He'd built a picture from Mira's clinical descriptions and Morrison's operational file: crossover survivor, forty-four, sub-basement corridor, seven seconds of death-energy at partial peak intensity. The file made her sound like a data point. The woman standing in his doorway at ten AM on Friday was five-foot-two in a hospital discharge jacket that was too big for her, with dark circles under her eyes and moving with the caution of someone told she was stable by people who clearly didn't believe it.

Mira brought her in. Introductions were brief. Leo said his name. Jang Mi-young looked at his face, then up, at the counter floating above his head.

She didn't flinch.

Most people flinched. The counter did that. **10,490** hanging in the air above a man's head, the visible record of ten thousand deaths, produced an involuntary response in almost everyone who saw it for the first time. A step back. A tightening around the eyes. The body's animal recognition of something wrong.

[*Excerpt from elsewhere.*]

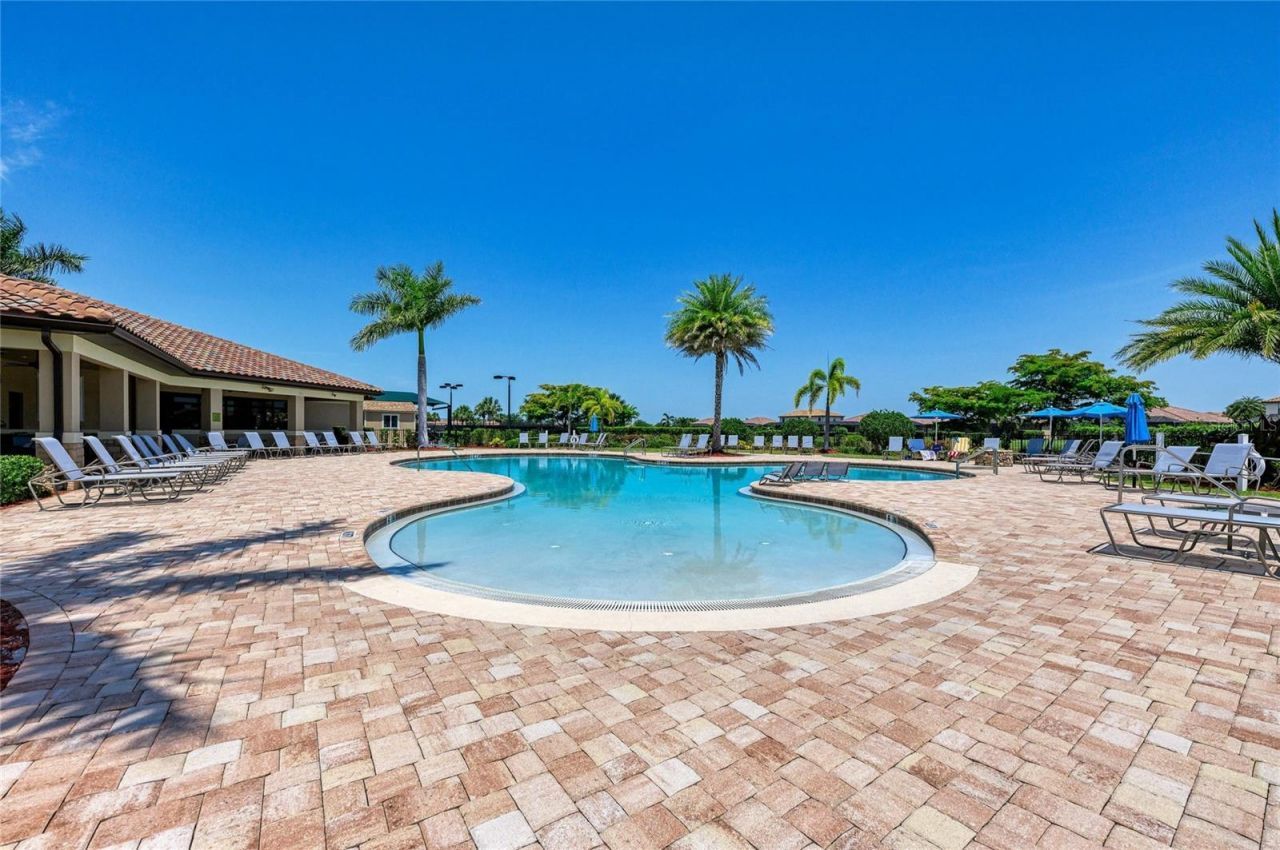 7911 Grand Estuary Trail , Unit 201, Bradenton, FL 34212 Photo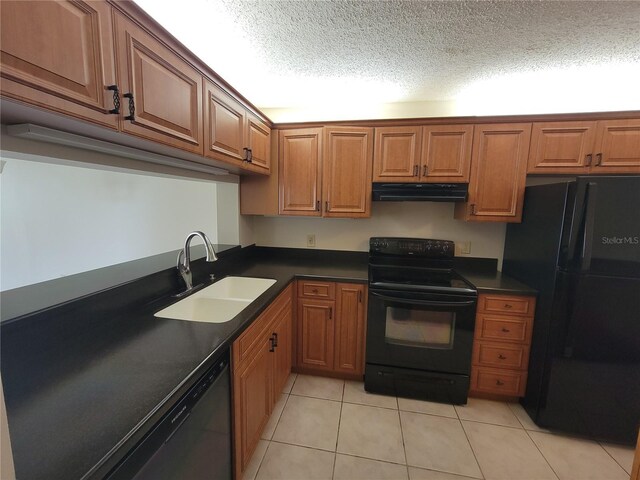 2424 W Tampa Bay Blvd Unit M-201, Tampa, FL 33607 - photo 10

Jang Mi-young looked at the counter and her head tilted, the way a person tilts their head when they're listening to something faint.

"I can feel it," she said.

Leo went still. "Feel what."

"The number. Not the number itself." She frowned, searching for words. "A humming. Like standing near a transformer box. I could feel it before I saw it." She looked at him. "Is that normal?"

"No," Leo said. "It isn't."

---

Park had the membrane equipment running by ten-thirty.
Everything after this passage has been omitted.